UNITED STATES Ð MAY 10: Rep. Justin Amash, R-Mich., listens during the House Oversight and Government Reform Committee hearing on "The Future of Capital Formation" on Tuesday, May 10, 2011, at the US Capitol. (Photo By Bill Clark/Roll Call)

Report: Is Justin Amash considering a 2020 primary challenge to Trump?

Rep. Justin Amash (R-MI) was recently mentioned in a list of potential 2020 Republican primary challengers to President Donald Trump by The Hill‘s Jonathan Easley and Scott Wong.

The report, which largely dismissed Amash’s prospects, stated, “National Republicans are skeptical, noting that Amash lacks name recognition and a national fundraising network and hails from the libertarian wing of the party, which has historically underperformed in GOP primaries.”

“Through his spokeswoman, Amash had no comment,” the report added, further fueling speculation about his future steps.

If Amash were to run, he would start with strong support from anti-Trump segments of the libertarian movement. Many in libertarian organizations such as the Cato Institute, the Foundation for Economic Education, and Reason magazine have been harshly critical of the Trump presidency. He could also have appeal to ‘Never Trump’ Republicans who dismissed Trump as a profane individual and a break from Republican orthodoxy. So far, he has drawn praise from moderate Republican commentators such as Louise MenschJennifer Rubin, as well as former Gov. Jeb Bush (R-FL), all of whom were previously critical of the libertarian faction of the party.

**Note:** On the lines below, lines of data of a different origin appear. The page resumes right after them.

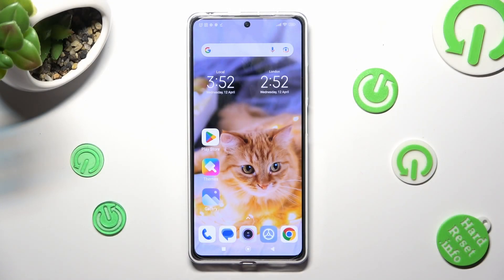Hi, in front of me is Redmi Note 12 Pro, and today I would like to show you how you can clean the storage of this device.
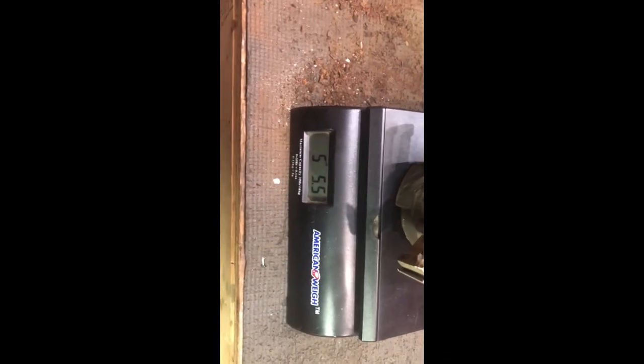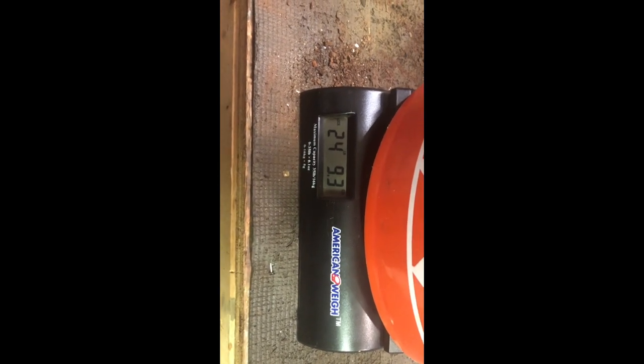So we've got five pounds, 5.5 ounces — two ounces of brass. Got half a pound of mystery metal. And last but not least — I filmed this with my phone, sorry — 22 pounds, 9.3 ounces of copper.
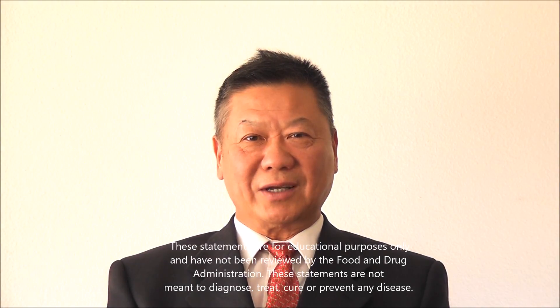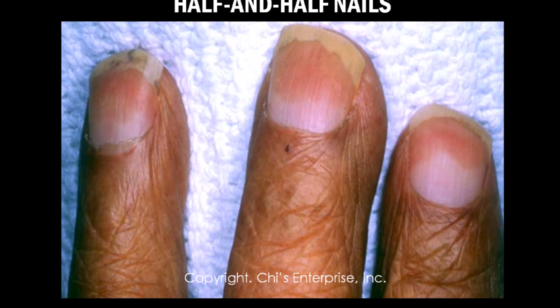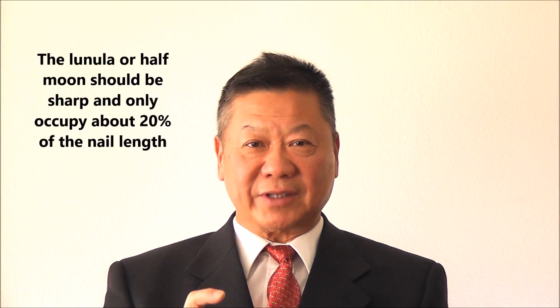A normal nail should have a half moon at the bottom. The nail should be pink in color, with transparency, and a white half moon at the base. The ratio matters — the half moon should have a very sharp boundary and should be about 20% of the size of the nail.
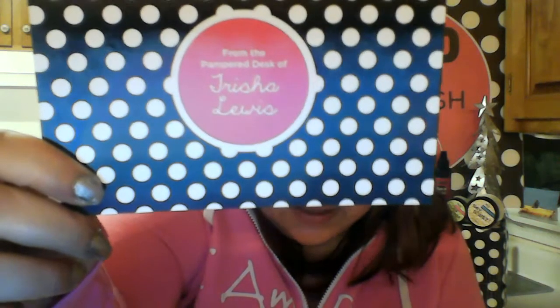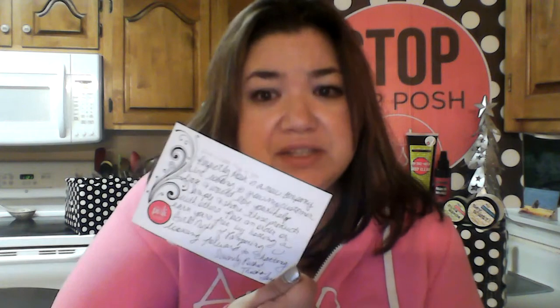Here's an example — it says 'From the pampered desk of Trisha Lewis.' It's a little note that says: 'Perfectly Posh is a new company, I'm looking to grow my customer base and I would love your help. Sample and share these products with others, place an order, or earn yours free by hosting a girls' night of pampering. Looking forward to chatting — sincerely, Posh Trisha Lewis.' My business cards are in there and everything about the company is included.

Rumors about Amash’s presidential ambitions have been widespread within libertarian circles, although this is the first time a mainstream publication has mentioned him as a possible contender. As the ‘Draft Amash‘ effort notes, Amash did suggest in 2016 that he could run for President in 2020, but that was at a time when Trump was considered unlikely to win. Since Trump’s election, Amash has not made any public comments about the possibility of a future presidential campaign.

If Amash were to challenge Trump, it would certainly complicate things for Sen. Rand Paul (R-KY), an Amash ally who has lately developed a strong rapport with Trump. Amash’s run may also be complicated by his opposition to legislation such as Kate’s Law, which is popular among the conservative grassroots and received the support of all other Republican members of Congress.

Other candidates mentioned include Gov. John Kasich (R-OH), Sen. Ben Sasse (R-NE), Sen. Jeff Flake (R-AZ), and businessman Mark Cuban, who could also run as a Democratic or Independent candidate. Flake is said to have a friendly relationship with Amash, so there is a possibility Amash could support his campaign if he chooses to run. Alternatively, some have suggested Amash could run for President as the candidate of the Libertarian Party, particularly if a primary challenge attempt against Trump by another candidate is unsuccessful.



  1. While Trump was not my first choice (would have preferred Rand Paul or Ted Cruz), I have been surprisingly pleased with President Trump. I would like to see more Republicans, including the more libertarian ones, support the president. Work with Trump to advance liberty, guide him, don’t work against him.

  2. He might as well spend as much contribution money as he can on a big campaign party, he won’t have a chance. He just wants to tour the country for free to bad mouth Trump.